Ring Ousel

A pleasing sight

A good hot day in Galloway has brought on the spring in a sudden rush. Having just stepped indoors after a day on the hill, it’s worth reporting an extraordinary influx of wheatears, the first few willow warblers of the season and a phenomenal glimpse of a female ring ousel. This is the first ring ousel I’ve ever seen on the Chayne, and it was bouncing tamely around on some of the in-bye fields where the tups had their feet up in the sunshine. This terrain is nothing like the kind of ground I’d usually reckon as classic “ousel” territory, and it’s likely that the bird was just stopping in for a moment on its passage northwards to breed in the Highlands.

Ring ousels have declined in southwest Scotland to such an extent that this once common bird is reckoned to be extinct as a breeding bird in Galloway. Despite this gloomy assessment, I know of two nesting sites where ring ousels have bred near me on the wild, rough hill country in Dalbeattie Forest, and there are other places where I think they are holding on. As ever, the difficulty of getting a real perspective on breeding bird populations is compounded by the fact that so much of this area is horrendously rough and almost totally inaccessible to all but the most determined bushwhacker.

Ousels pass back through Galloway in reasonable numbers in the autumn on their way back down to their Mediterranean wintering grounds, and they can be easily found in a few locations where the rowan berries offer a nutritious boost. This is the first time I’ve seen a bird on spring passage, and I wonder how often I must have missed them or simply overlooked them as blackbirds.
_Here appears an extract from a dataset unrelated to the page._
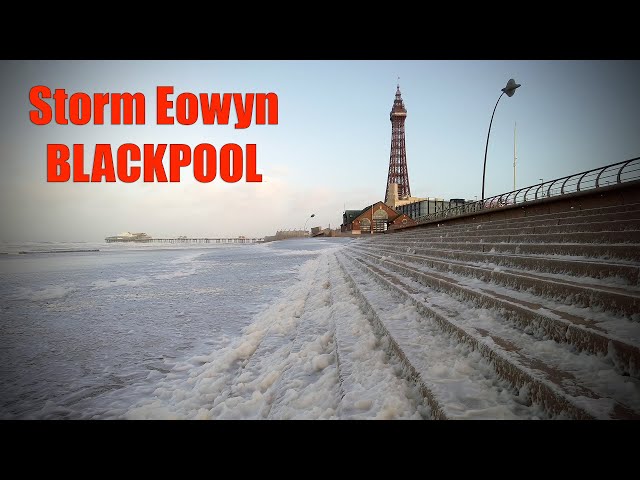 Storm Èowyn blows into Blackpool 💨🌊🌬️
Further North, there are some really good places for ring ousels in Angus and Aberdeenshire, and a gamekeeper friend near Banchory has several ousel nests on his beat. The birds seem to like nesting on steep banks of rank heather with short patches of grass and heather nearby for foraging – grouse moor management provides this in spades, and the highest density of ousels I ever saw was on a moor in the Peak District above the Derwent Reservoir on ground which had been mowed and burnt in an experimental grid-iron pattern by a sporting tenant. Frustratingly, the land was owned by the National Trust who (for no obvious scientific reason) later forbade the trapping of stoats and weasels up the scrubby cleughs where the ousels often lurked. Perhaps inevitably, these beautiful birds have been sorely reduced in number ever since.